Gold prices slid back sharply on October 16 on technical selling after a 3.4 percent rally in the prior session driven mainly by the Israel-Hamas war which ignited the yellow metal’s appeal as a “safe haven.”

Gold was down 0.7 percent at $1,919.21 per ounce on October 16.

During times of extreme geopolitical uncertainty, gold can act as a safe haven for investors.

If the fighting in the Middle East escalates further in the coming days, exacerbating uncertainty around the world, gold prices could rally again and could at some point test $2,000 per ounce, analysts said.

On the other hand, if the geopolitical situation stabilises to some degree, gold could pull back towards support around $1,900.

Furthermore, sentiment that U.S. monetary authorities could be at the end of their interest rate hiking cycle, has also underpinned gold prices.

If the markets were to expect U.S. rates to go higher, gold prices could lose ground as bullion bears no yield.

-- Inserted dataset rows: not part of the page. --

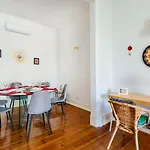 Conde 3bdr Luxury With Balcony Appartement Lisboa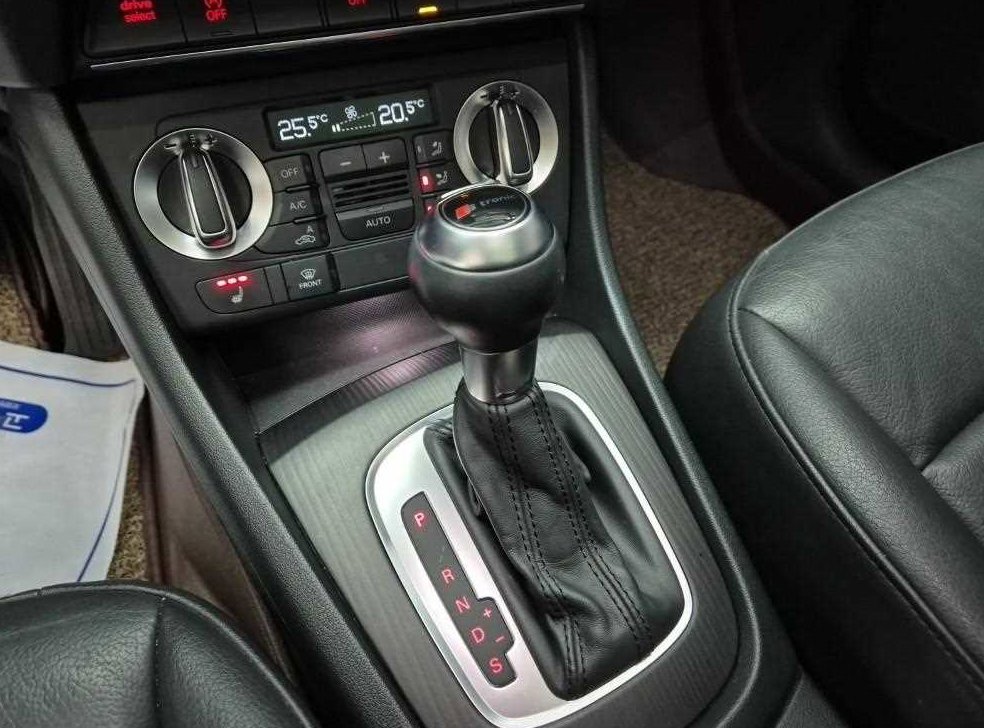 아우디 Q3 2.0 TDI 콰트로 사진 8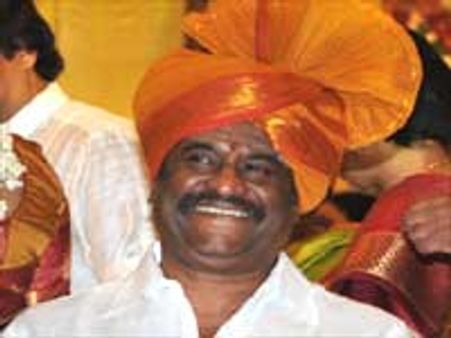 ரஜினியின் அடுத்த படம் ராணா... மூன்று வேடங்களில் நடிக்கிறார்!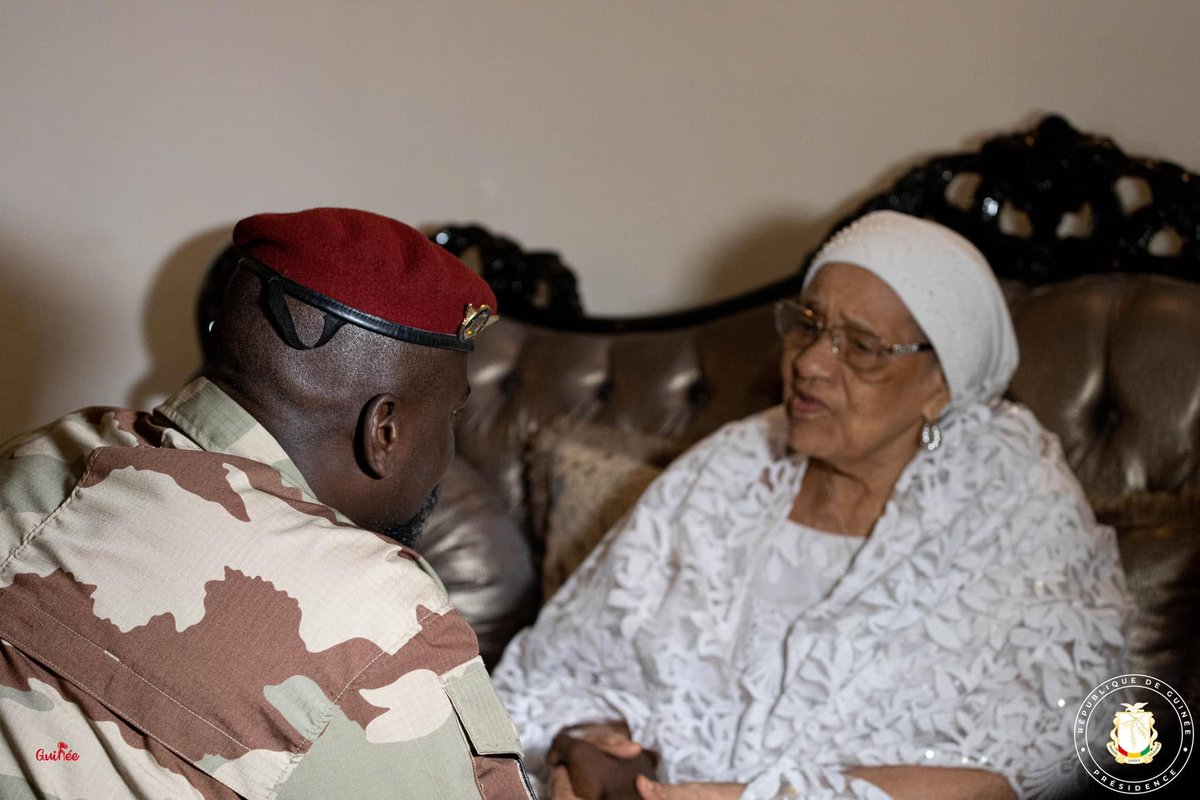 presi_doumbouya's tweet photo. C’est avec une profonde tristesse et une émotion sincère que j’ai appris le décès de notre maman, Madame Hadja Andrée TOURÉ, l’épouse du Président Ahmed Sékou TOURE survenu ce jour au Maroc.

En cette heure de deuil, mes pensées et celles de la Nation tout entière se tournent vers vous, le peuple souverain de Guinée. Celle qui s’en va n’était pas seulement une épouse et une mère : elle fut, aux côtés du Président Ahmed Sékou TOURE, un témoin privilégié et une actrice discrète des heures fondatrices de notre indépendance.

Elle a porté, avec dignité et constance, le poids de l’Histoire et les épreuves qu’elle lui a réservées, sans jamais renier son attachement à la Guinée.

À travers elle, c’est une part vivante de notre mémoire nationale qui s’éteint. Mais son souvenir demeurera, comme celui d’une femme de courage qui a traversé les tourments de notre histoire commune avec une dignité exemplaire.

En ces moments douloureux, je tiens à vous exprimer, au nom de l’État guinéen et en mon nom propre, mes condoléances les plus attristées et les plus fraternelles.

Puisse le Tout-Puissant l’accueillir dans Sa miséricorde infinie et accorder à sa famille la force et la patience nécessaires pour traverser cette épreuve.

Puisse Allah lui accorder le Paradis Firdawsi.

Avec toute ma compassion et ma sincère considération,

𝐒.𝐄. 𝐌𝐚𝐦𝐚𝐝𝐢 𝐃𝐎𝐔𝐌𝐁𝐎𝐔𝐘𝐀
𝐏𝐫𝐞́𝐬𝐢𝐝𝐞𝐧𝐭 𝐝𝐞 𝐥𝐚 𝐑𝐞́𝐩𝐮𝐛𝐥𝐢𝐪𝐮𝐞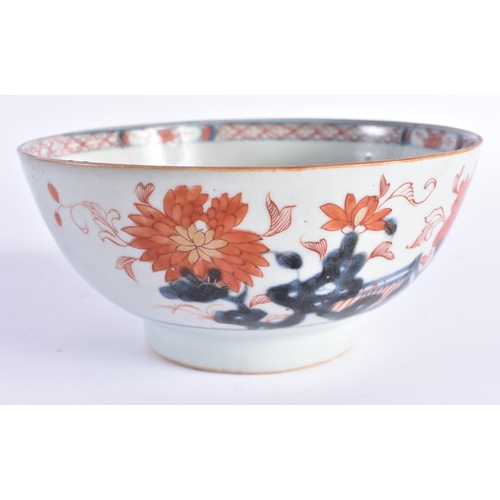 2075 - AN 18TH CENTURY CHINESE EXPORT IMARI PORCELAIN BOWL Qianlong. 15 cm diameter.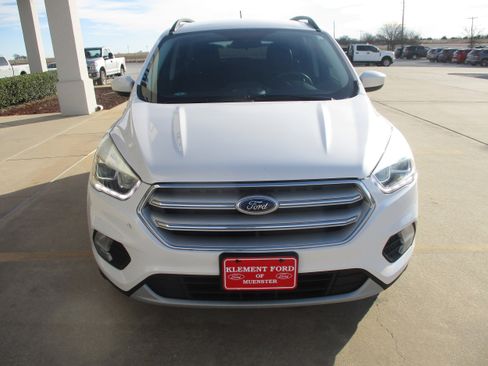 Used 2018 Ford Escape SEL image 10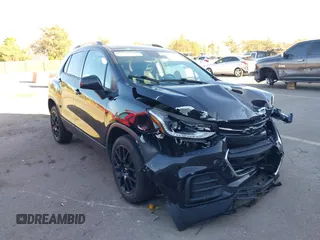 2021 Chevrolet Trax LT with VIN KL7CJPSB9MB342992, listed as a IAAI auction lot 41667044 with 52,289 mi miles. Bid and sale history available at carsss.com. Image 1.
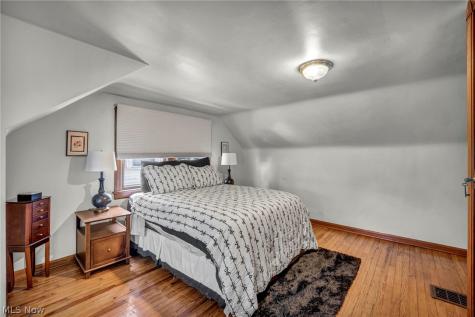 852 Starkweather Cleveland OH 44113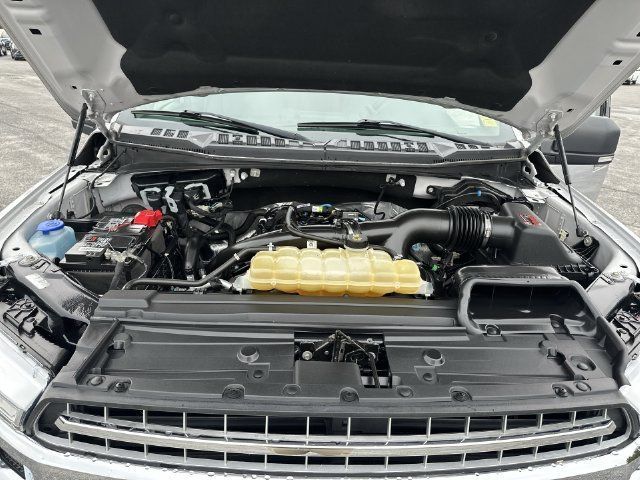 Used 2019 Ford F150 XLT w/ Equipment Group 302A Luxury AWD/4WD image 19
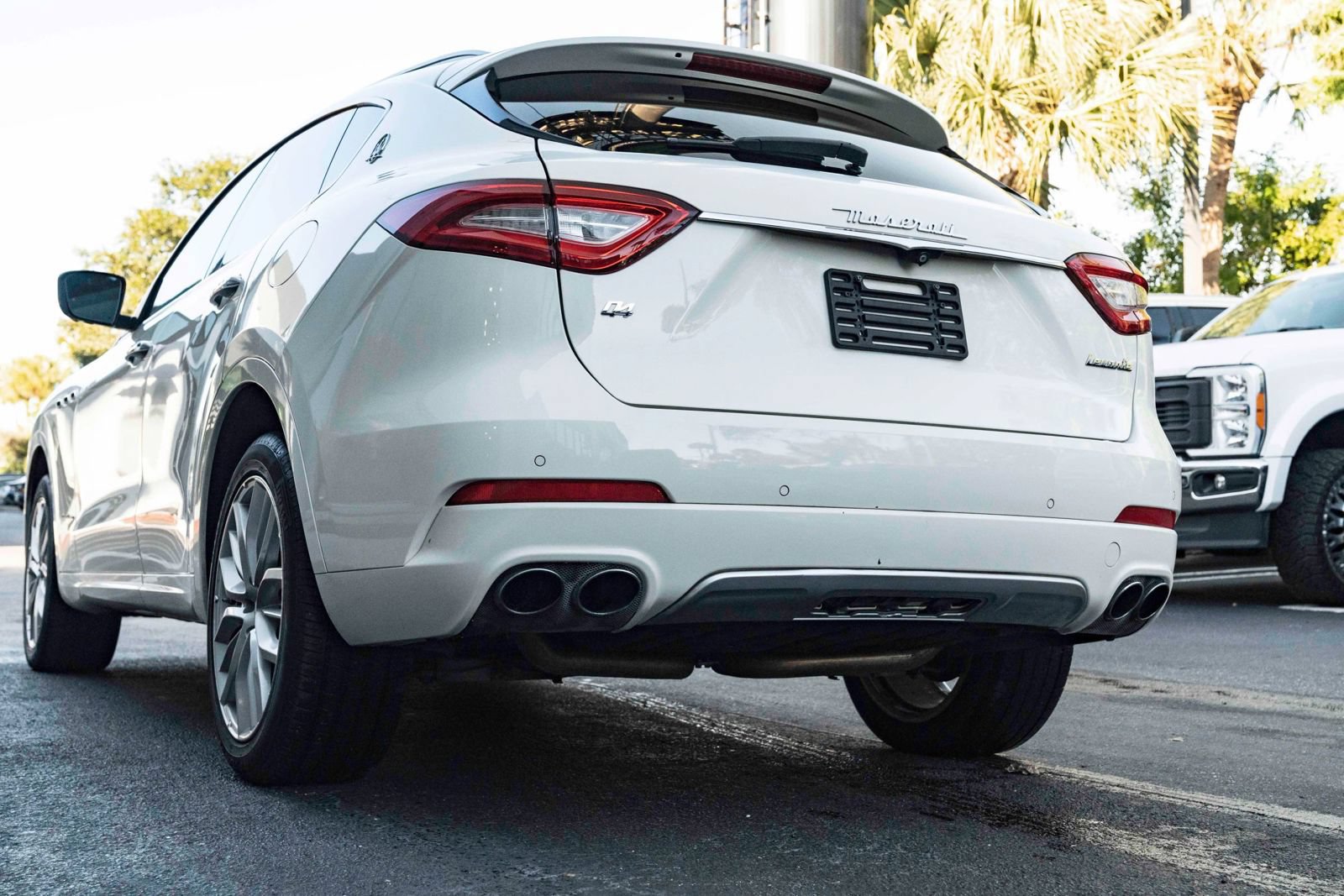 Used 2019 Maserati Levante GranLusso AWD/4WD image 16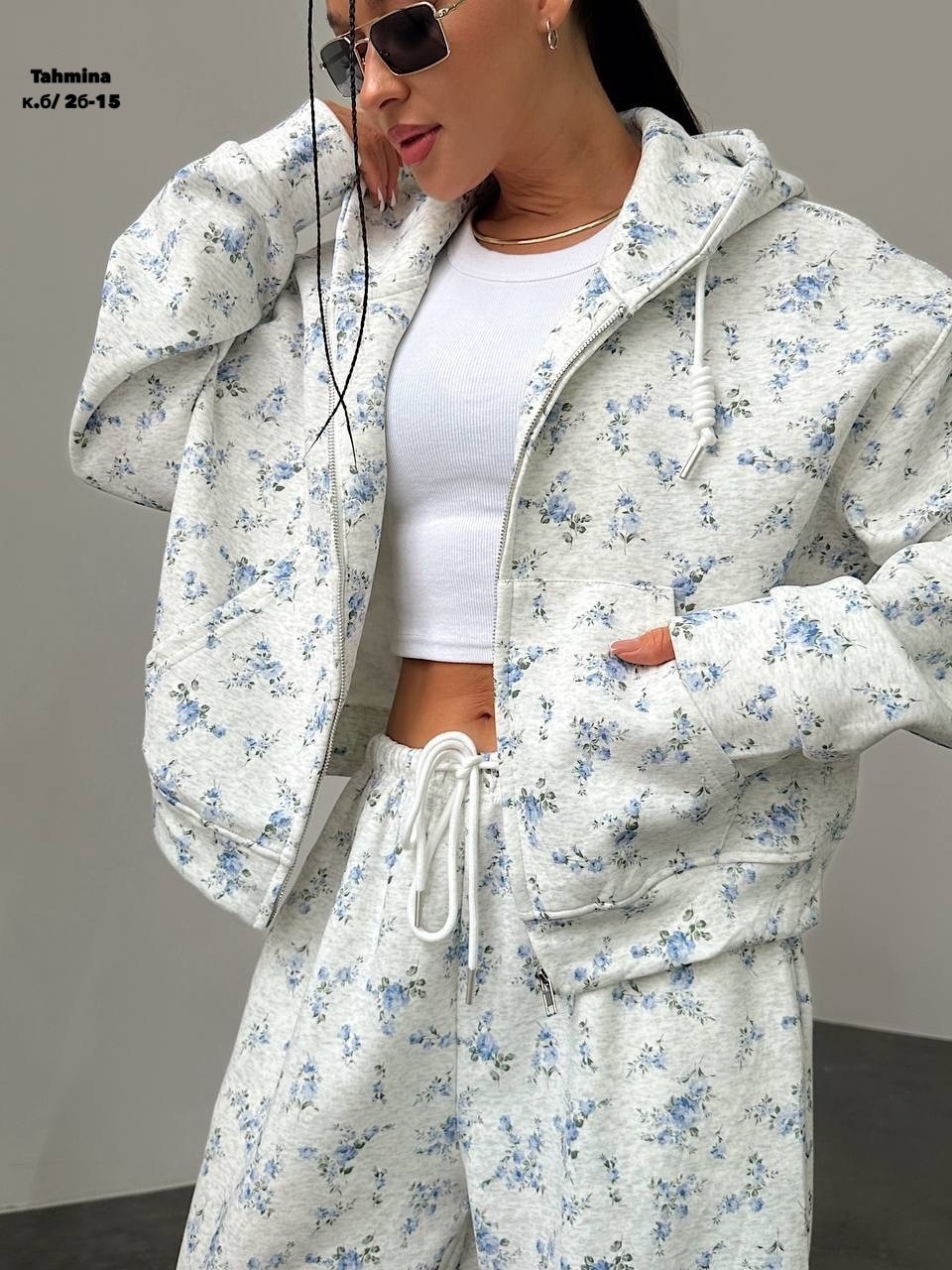 костюм спортивный женский,костюм женский,стильные костюмы,костюм с принтом,костюм розовый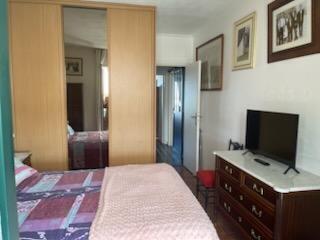 A 1' du Métro PVC Apt 3 Pièces, 2 chambres, 2 Balcons, Cave, Parking. 345 000 €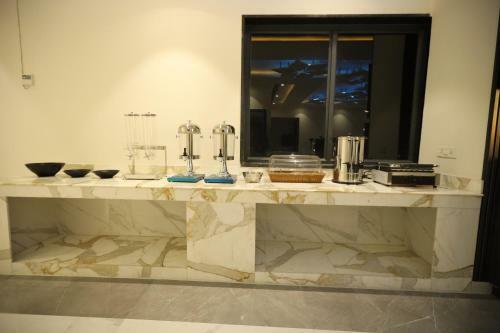 Hotel Treehouse London Street Amritsar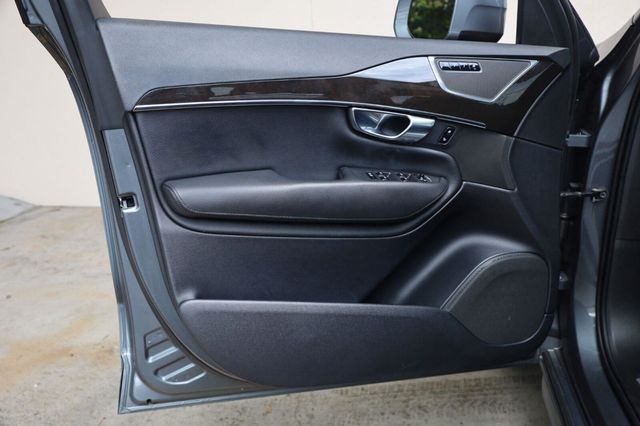 2018 Volvo XC90 Momentum - 23059169 - 11
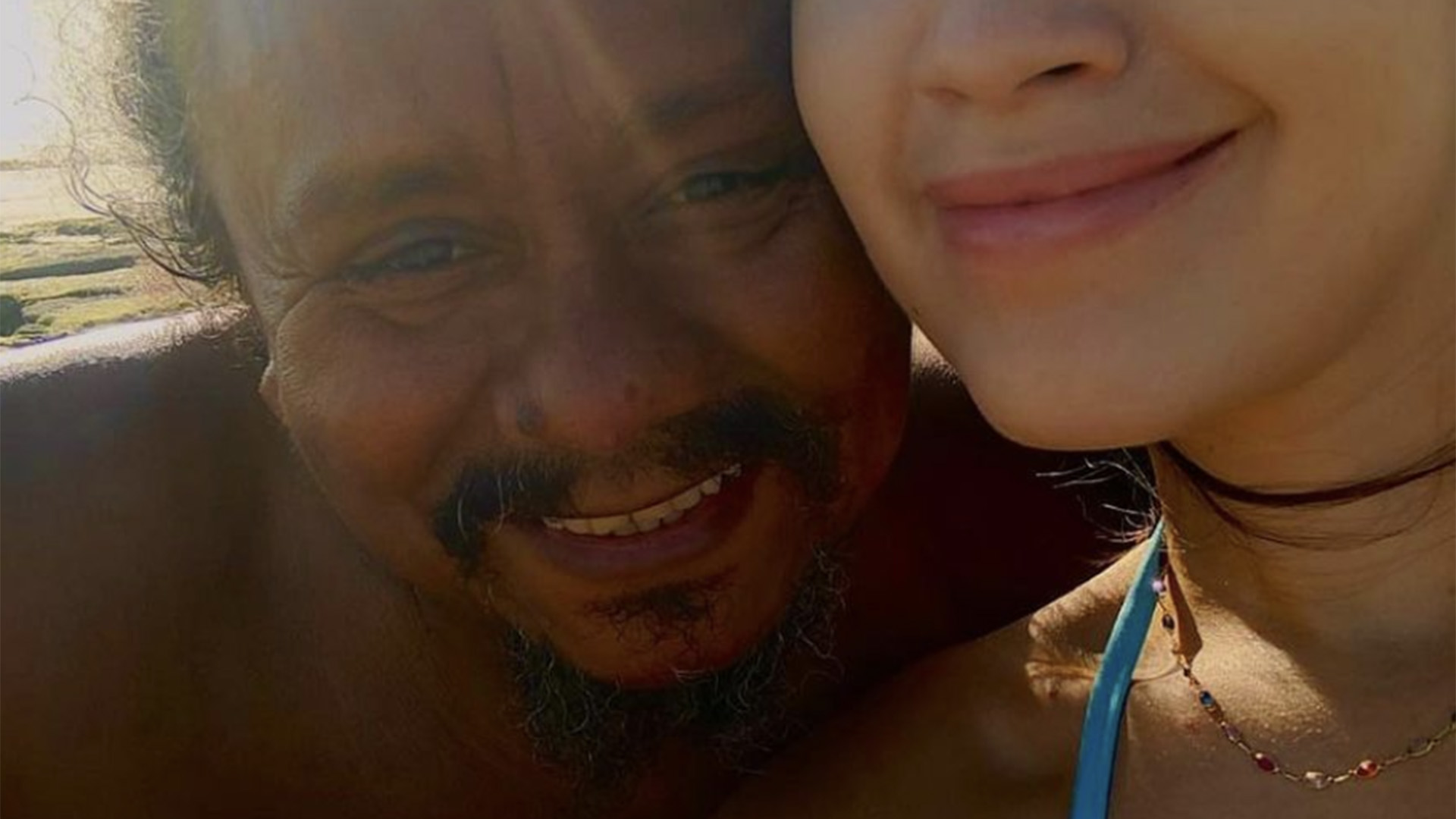 Quem é a namorada de Chico César? Cantor surge com eleita de 28 anos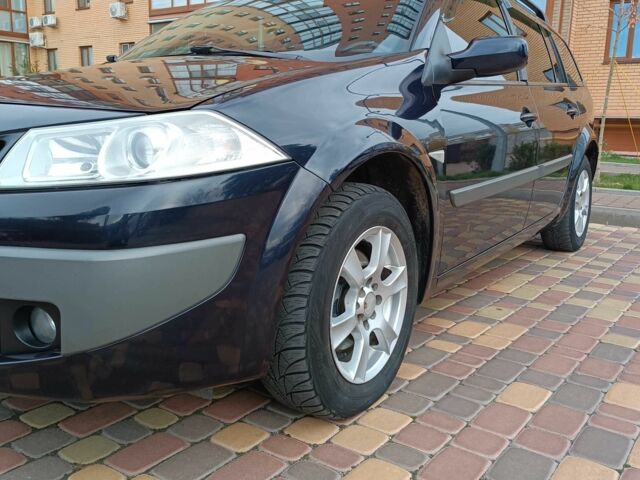 Синий Рено Меган, объемом двигателя 1.6 л и пробегом 200 тыс. км за 5200 $, фото 4 на Automoto.ua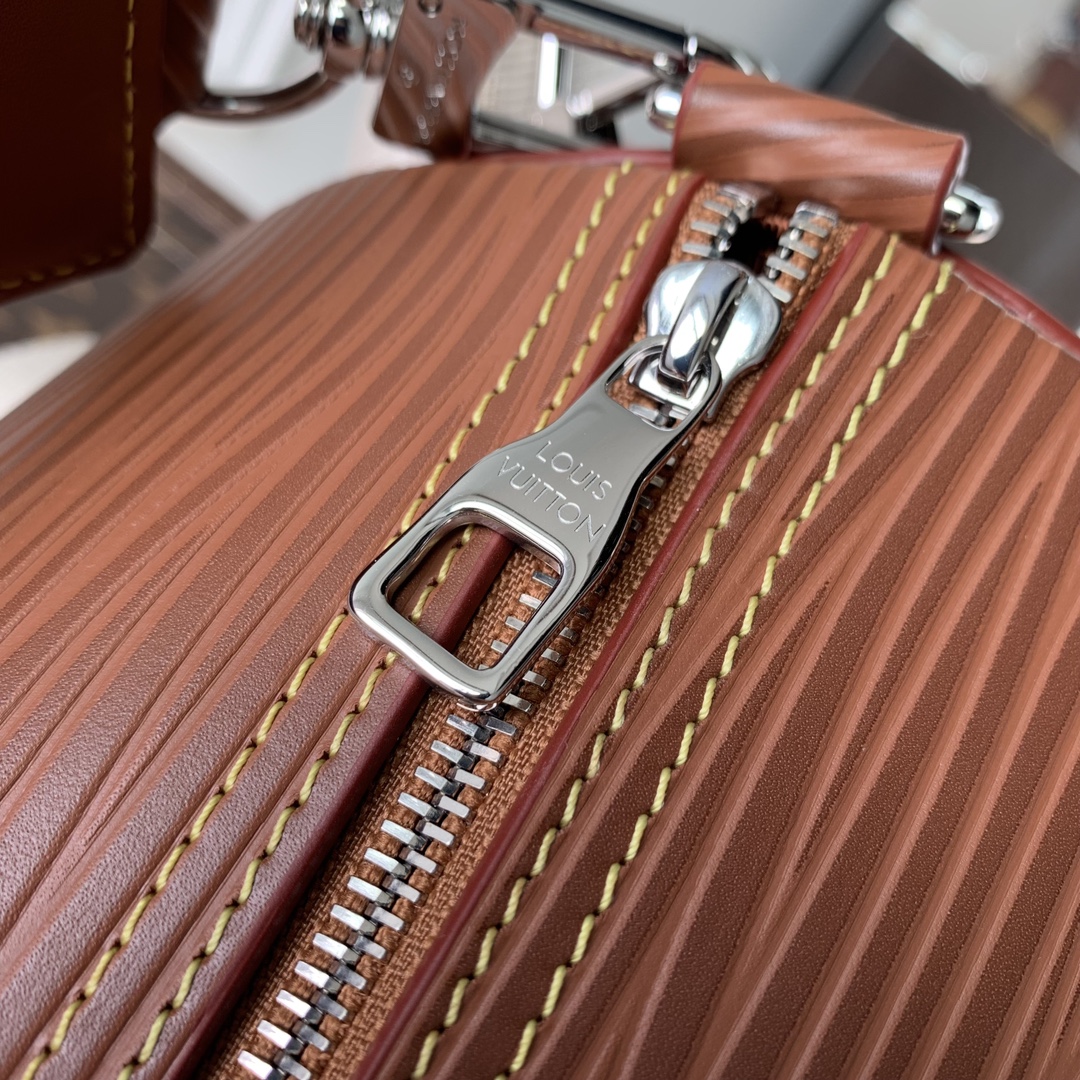 l**is V*t*n soft polochon bag m46692-27x 15x 15cm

So the current situation in which U.S. rates could start easing in coming months, perhaps next year, can be constructive for gold prices.

“I am bullish on gold for the coming week,” Colin Cieszynski, chief market strategist at SIA Wealth Management, told Kitco News.

“With the war drums pounding louder, precious metals may continue to attract renewed interest in their haven for capital role.”

For UK-based gold savers, a fall in the pound against the dollar that was linked to higher-than-expected U.S. inflation data, coupled with last week’s rally in gold prices in dollar terms, will make dollar-denominated bullion costlier to acquire.

This week’s data releases might offer clues as to what action the Bank of England may take when its policymakers meet in early November to set interest rates.

A “higher for longer” rates strategy by the Bank of England, could help sterling against the euro.

Persistently high inflation and all-time high wages growth because of a tight labour market, have complicated the Bank of England’s efforts to control inflation.

Analysts will focus this week on UK inflation and unemployment data, which could give an indication about the future trend of interest rates.

The UK still has the highest inflation of any G7 nation and next year is expected to have the slowest growth, according to projections from the International Monetary Fund.

Challenges to UK growth could help contain inflation, but higher energy prices have threatened to reignite price rises.